Following is a workaround that can be used to copy etcd backups manually in situations where a Shoot's control plane has been moved to a Destination Seed and the pods running in it lack network connectivity to the Source Seed's storage provider:

  1. Follow the instructions in the etcd-backup-restore getting started documentation on how to run the etcdbrctl command locally or in a container.
  2. Follow the instructions in the passing-credentials guide on how to set up the required credentials for the copy operation depending on the storage providers for which you want to perform it.
  3. Use the etcdbrctl copy command to copy the backups by following the instructions in the etcdbrctl copy guide
  4. After you have successfully copied the etcd backups, wait for the EtcdCopyBackupsTask custom resource to be created in the Shoot's control plane on the Destination Seed, if it does not already exist.
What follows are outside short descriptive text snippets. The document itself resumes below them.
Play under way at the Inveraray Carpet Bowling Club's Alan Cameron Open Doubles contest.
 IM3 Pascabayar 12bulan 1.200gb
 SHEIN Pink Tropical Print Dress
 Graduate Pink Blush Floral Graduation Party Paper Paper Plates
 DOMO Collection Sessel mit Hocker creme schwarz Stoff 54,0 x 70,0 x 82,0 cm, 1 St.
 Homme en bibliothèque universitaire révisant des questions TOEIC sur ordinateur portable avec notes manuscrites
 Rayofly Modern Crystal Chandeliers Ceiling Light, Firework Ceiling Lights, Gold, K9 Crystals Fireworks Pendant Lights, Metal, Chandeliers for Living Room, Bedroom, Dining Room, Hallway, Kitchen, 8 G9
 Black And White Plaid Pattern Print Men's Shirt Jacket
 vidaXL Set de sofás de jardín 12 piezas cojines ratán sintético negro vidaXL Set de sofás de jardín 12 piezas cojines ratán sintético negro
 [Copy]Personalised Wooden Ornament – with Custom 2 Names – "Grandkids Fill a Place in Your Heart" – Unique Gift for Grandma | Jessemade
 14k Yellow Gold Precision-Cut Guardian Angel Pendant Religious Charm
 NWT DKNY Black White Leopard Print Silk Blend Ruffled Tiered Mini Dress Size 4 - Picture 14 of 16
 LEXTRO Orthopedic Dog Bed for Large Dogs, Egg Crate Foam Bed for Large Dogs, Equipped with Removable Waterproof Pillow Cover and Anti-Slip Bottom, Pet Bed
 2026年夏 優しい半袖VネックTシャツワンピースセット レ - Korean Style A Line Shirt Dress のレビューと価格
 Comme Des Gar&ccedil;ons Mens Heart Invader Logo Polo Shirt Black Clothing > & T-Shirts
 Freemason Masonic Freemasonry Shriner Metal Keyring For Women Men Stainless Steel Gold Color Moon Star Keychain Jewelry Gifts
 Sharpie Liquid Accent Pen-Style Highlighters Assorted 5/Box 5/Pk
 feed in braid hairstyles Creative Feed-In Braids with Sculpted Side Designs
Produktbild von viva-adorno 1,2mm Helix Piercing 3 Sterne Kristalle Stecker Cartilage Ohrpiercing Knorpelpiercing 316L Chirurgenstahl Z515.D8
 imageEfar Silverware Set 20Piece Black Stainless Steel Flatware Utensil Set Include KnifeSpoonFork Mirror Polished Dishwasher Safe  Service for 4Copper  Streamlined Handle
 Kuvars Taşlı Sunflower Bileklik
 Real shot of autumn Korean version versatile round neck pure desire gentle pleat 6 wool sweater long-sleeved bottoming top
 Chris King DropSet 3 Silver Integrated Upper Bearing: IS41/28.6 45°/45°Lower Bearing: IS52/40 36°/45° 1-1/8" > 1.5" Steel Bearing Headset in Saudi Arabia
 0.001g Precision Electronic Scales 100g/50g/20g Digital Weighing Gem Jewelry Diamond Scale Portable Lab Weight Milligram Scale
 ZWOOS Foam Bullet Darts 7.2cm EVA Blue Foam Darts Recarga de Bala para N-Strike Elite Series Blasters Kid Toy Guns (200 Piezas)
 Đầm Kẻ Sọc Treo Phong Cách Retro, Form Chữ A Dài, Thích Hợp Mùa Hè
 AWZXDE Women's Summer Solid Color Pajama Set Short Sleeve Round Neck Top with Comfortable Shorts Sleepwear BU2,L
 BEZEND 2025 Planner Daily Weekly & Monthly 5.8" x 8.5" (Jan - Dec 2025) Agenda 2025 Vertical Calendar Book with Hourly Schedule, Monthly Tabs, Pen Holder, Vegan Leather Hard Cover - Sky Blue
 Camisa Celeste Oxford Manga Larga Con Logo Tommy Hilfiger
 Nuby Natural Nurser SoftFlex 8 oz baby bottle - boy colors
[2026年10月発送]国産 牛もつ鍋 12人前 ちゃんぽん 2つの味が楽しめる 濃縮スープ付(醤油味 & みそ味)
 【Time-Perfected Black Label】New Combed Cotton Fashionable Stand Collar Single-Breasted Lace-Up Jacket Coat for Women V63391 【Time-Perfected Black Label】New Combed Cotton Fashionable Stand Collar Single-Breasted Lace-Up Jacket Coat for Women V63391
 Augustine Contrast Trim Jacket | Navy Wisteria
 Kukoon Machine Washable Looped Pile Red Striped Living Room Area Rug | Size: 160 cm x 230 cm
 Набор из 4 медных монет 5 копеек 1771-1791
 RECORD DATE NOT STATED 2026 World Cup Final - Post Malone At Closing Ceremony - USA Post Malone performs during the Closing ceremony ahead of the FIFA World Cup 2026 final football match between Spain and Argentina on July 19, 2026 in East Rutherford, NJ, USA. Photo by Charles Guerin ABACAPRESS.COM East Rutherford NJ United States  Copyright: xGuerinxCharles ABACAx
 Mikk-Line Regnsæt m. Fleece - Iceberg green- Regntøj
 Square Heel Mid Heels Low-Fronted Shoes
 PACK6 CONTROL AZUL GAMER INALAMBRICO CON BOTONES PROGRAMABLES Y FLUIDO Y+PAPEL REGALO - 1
Afterwards, mark it as successful by patching it using the following command:
    SHOOT_NAME=my-shoot
    PROJECT_NAME=my-project
    
    kubectl patch -n shoot--${PROJECT_NAME}--${SHOOT_NAME} etcdcopybackupstask ${SHOOT_NAME} --subresource status --type merge -p "{\"status\":{\"conditions\":[{\"type\":\"Succeeded\",\"status\":\"True\",\"reason\":\"manual copy successful\",\"message\":\"manual copy successful\",\"lastTransitionTime\":\"$(date -Iseconds)\",\"lastUpdateTime\":\"$(date -Iseconds)\"}]}}"
    
  5. After the main-etcd becomes Ready, and the source-etcd-backup secret is deleted from the Shoot's control plane, remove the finalizer on the source extensions.gardener.cloud/v1alpha1.BackupEntry in the Destination Seed so that it can be deleted successfully (the resource name uses the following format: source-shoot--<project-name>--<shoot-name>--<uid>). This is necessary as the Destination Seed will not have network connectivity to the Source Seed's storage provider and the deletion will fail.
  6. Once the control plane migration has finished successfully, make sure to manually clean up the source backup directory in the Source Seed's storage provider.